Norconex / committer-core

Norconex Committer is a java library and command line application used to route content to local or remote target repositories, such as a search engine index.
http://www.norconex.com/collectors/committer-core
Apache License 2.0
4 stars 10 forks source link

Commiter advanced logics #2

Closed AntonioAmore closed 10 years ago

AntonioAmore commented 10 years ago

Hello,

I plan to write my own commiter, which writes only new (not updated) pages to a local filesystem.

Reading FileSystemCommiters sources I can't get, how to recognize the page is new. Is it possible in commiter? How can I detect it using collector/commiter methods without external data storage?

Some my ideas I don't like:

  1. I can store all pages' hashes/urls to compare externally, but maybe much better re-use collector's database to save space.
  2. Check the reference variable at commiter's queueAdd() method input, but how to ask collector's db were the reference new one, or is just updated?

Thanks a lot.

essiembre commented 10 years ago

Hello,

A simpler approach might be to configure DefaultHttpDocumentChecksummer to use the document URL as the checksum value (field being "document.reference"). You can also use the DefaultHttpHeadersChecksummer if you do not want to download and extract URLs from documents you already processed. Here is an example with DefaultHttpDocumentChecksummer :

  <httpDocumentChecksummer 
      class="com.norconex.collector.http.checksum.impl.DefaultHttpDocumentChecksummer">
      field="doc.reference" />

That way if the same URL is encountered on subsequent runs, it won't sent it to the committer since it will think it was unmodified (regardless whether it actually was or not).

Let me know if that works for you.

AntonioAmore commented 10 years ago

Thank you!

This solution shows how beautiful is collector's architecture and may really play for me.

What about httpHeadersChecksummer: should I turn it off to get effect I described above? Or it doesn't interfere?
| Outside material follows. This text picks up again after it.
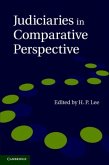 Judiciaries in Comparative Perspective (eBook, PDF)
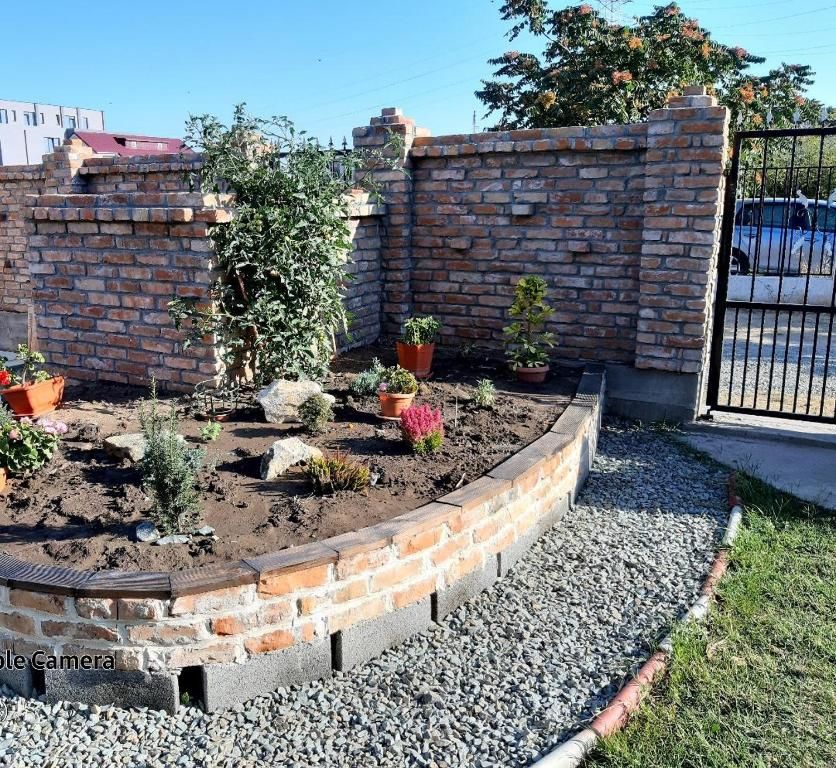 Гостевой дом Casa Alba Мамайя Норд – Нэводари-51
essiembre commented 10 years ago

If you do not care that a document may have changed and introduce new URLs to follow (which may lead to new documents), I suggest you do the logic I mentioned at the HTTP header level to minimize downloads. You can set the URL as the checksum value at that point, except the field is "collector.http.url". So that would give:

  <httpHeadersChecksummer 
      class="com.norconex.collector.http.checksum.impl.DefaultHttpHeadersChecksummer">
      field="collector.http.url" />

It does not hurt to have both set so you cover all angles.

essiembre commented 10 years ago

Does this work for you now? Can we close this issue?

AntonioAmore commented 10 years ago

Hello,

It is a nice solution for my specification. It really helps. Thank you a lot! Collector seems very flexible and well designed software.

Sure, you may close the issue.

essiembre commented 10 years ago

Thanks for the good words!